Journal de l'année Édition 1994 1994Éd. 1994

Angola

L'espoir suscité par la tenue d'élections démocratiques, en septembre 1992, qui devaient sceller la fin de 16 ans de guerre civile entre le mouvement rebelle UNITA (Union nationale pour l'indépendance totale de l'Angola) et le gouvernement du président José Eduardo Dos Santos aura été de courte durée. Après le refus de sa défaite au premier tour d'un scrutin considéré globalement comme libre et honnête par les observateurs internationaux, le leader de l'UNITA, Jonas Savimbi, reprend le maquis. Faute d'avoir obtenu le pouvoir par les urnes, le chef rebelle espère l'obtenir par la force. Un diktat inacceptable pour le parti dirigeant, le MPLA (Mouvement populaire pour la libération de l'Angola), qui estime avoir légalement remporté le scrutin. Après à peine 18 mois d'un cessez-le-feu, instauré après les accords de paix de Bicesse en 1991, l'Angola est de nouveau plongé dans une sanglante guerre civile.

Efforts de paix

La communauté internationale aura déployé des trésors de diplomatie pour ramener Jonas Savimbi à la table des négociations. Les belligérants se rencontrent sous l'égide de l'ONU à Addis-Abeba, en Éthiopie, au mois de février, puis à Abidjan en avril et mai. Mais les efforts de la représentante spéciale des Nations unies à Luanda, Margaret Antsee, et de son successeur, le Malien Alouine Blondin-Beye, tournent court. Inefficaces sont également les pressions des anciens alliés américains et sud-africains du mouvement rebelle, qui condamnent ouvertement la reprise des hostilités. La reconnaissance tardive, en mai, par Washington de son ennemi d'hier, le MPLA, autrefois soutenu par les Soviétiques et les Cubains, puis les menaces de sanctions brandies par l'ONU contre l'UNITA, en septembre, sont par ailleurs bien insuffisantes pour mettre un terme au conflit « le plus meurtrier du monde », selon les termes du secrétaire général des Nations unies, Boutros Boutros-Ghali. À noter cependant que le président angolais a réussi à asseoir son autorité internationale. Ainsi, le gouvernement français, et notamment François Léotard, qui jusqu'alors soutenait plutôt le clan Savimbi, a dû changer rapidement son fusil d'épaule lorsque le président Dos Santos a menacé de retirer à Elf, au profit de compagnies américaines, ses concessions pétrolières dans le pays.

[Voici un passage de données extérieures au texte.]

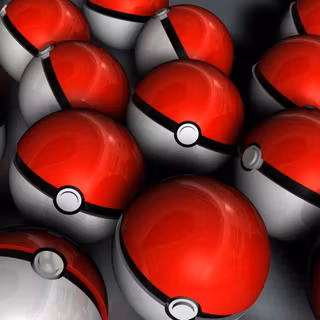 Pokémon balls wallpaper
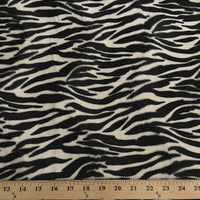 Velboa Small Black White Zebra Prints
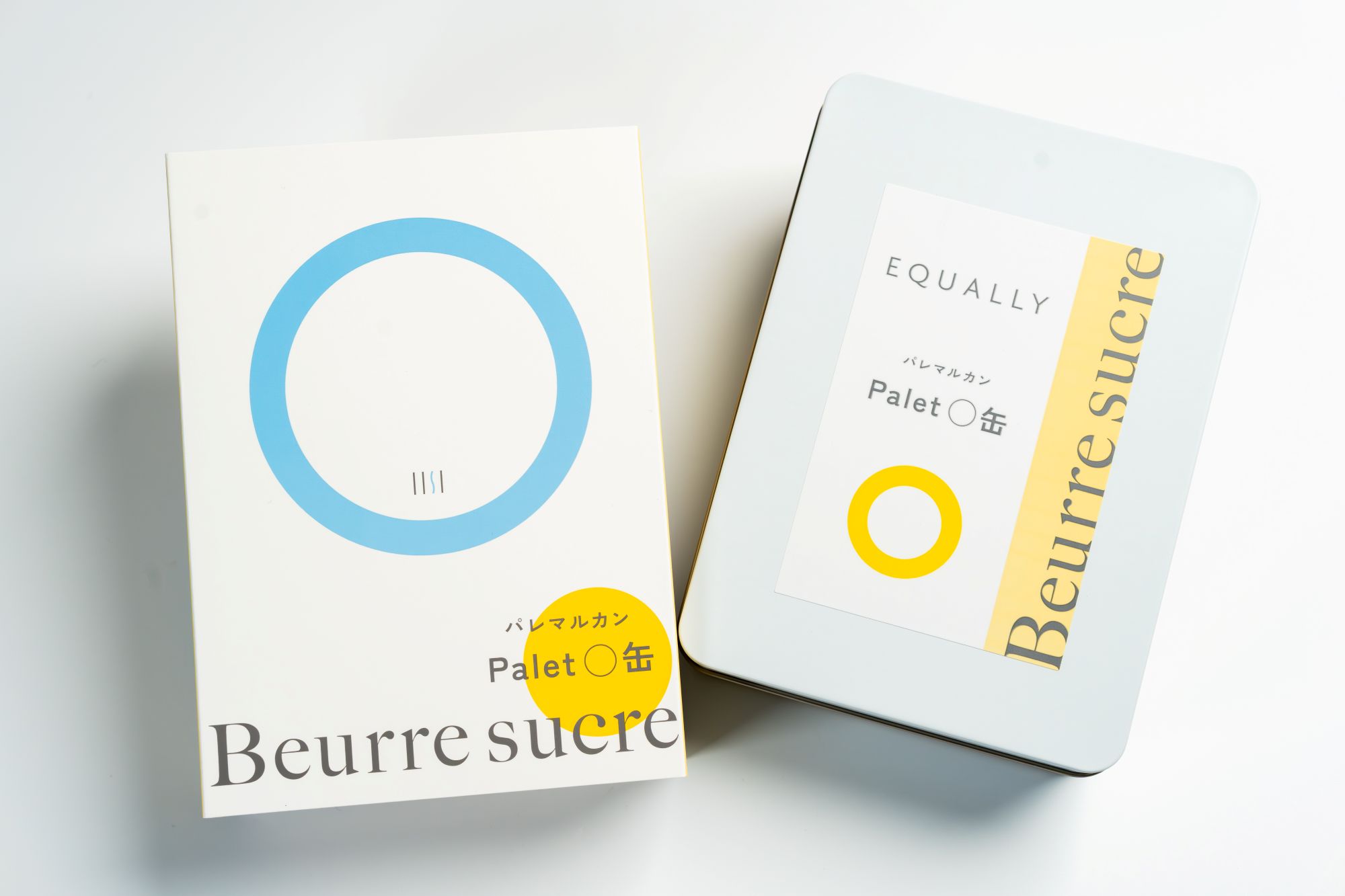 【EQUALLY】バターシュガークレープのパレマル-Palet○-缶【パレマル缶 スイーツ お菓子 焼菓子 焼き菓子 ご褒美 贅沢 お取り寄せ ギフト プレゼント イクオリー】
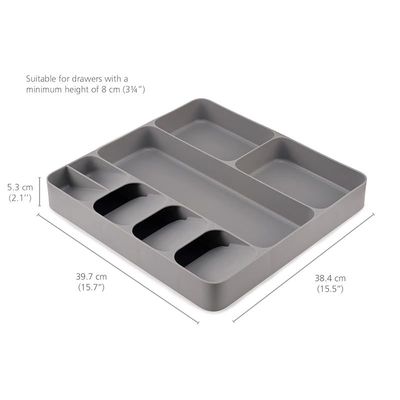 Joseph Joseph DrawerStore Kitchen Drawer Organizer Tray for Cutlery Utensils and Gadgets, Gray, One-size, 85127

MPLA : Au pouvoir depuis le départ des Portugais en novembre 1975, le Mouvement populaire pour l'indépendance de l'Angola a opéré, depuis 1991, un virage à 180 degrés. Jusqu'alors soutenu militairement par l'ancienne Union soviétique et par Cuba, affichant un marxisme bon teint, son leader, le président José Eduardo Dos Santos était, il y a encore deux ans, l'ennemi no 1 des États-Unis, qui voulaient éviter l'extension de l'influence communiste dans la région. Avec la fin de la guerre froide et lors de l'écroulement du bloc communiste, le chef de l'État angolais s'est plié à une incroyable reconversion pour accepter l'abandon de l'idéologie collectiviste et l'ouverture à l'économie de marché.

UNITA : L'Union nationale pour l'indépendance totale de l'Angola est difficilement dissociable de son chef, Jonas Savimbi. Lors de l'indépendance du pays, celui-ci rejette la suprématie du MPLA et s'engage dans une guérilla sans merci contre le pouvoir de Luanda avec le soutien armé de l'Afrique du Sud, des États-Unis, du Zaïre, de la Côte d'Ivoire et du Maroc. Sa position d'allié de l'Occident, dont il espère profiter pour prendre le pouvoir, ne survit pas à la fin de la guerre froide.

Un massacre

En quelques mois, des dizaines de milliers de personnes ont trouvé la mort des suites directes ou indirectes des combats. En tout, 3 millions d'Angolais sur une population de 9 millions subissent les conséquences de la guerre civile. Un chiffre qui pourrait être bien supérieur sans l'aide d'urgence des organisations internationales et non gouvernementales.

La reconnaissance, début octobre, du résultat des élections de septembre par le leader rebelle et les efforts du représentant des Nations unies, favorable à une médiation africaine, laissent croire que l'espoir est encore permis. À moins que cette nouvelle éclaircie ne soit à nouveau ternie par l'entêtement du chef de l'UNITA.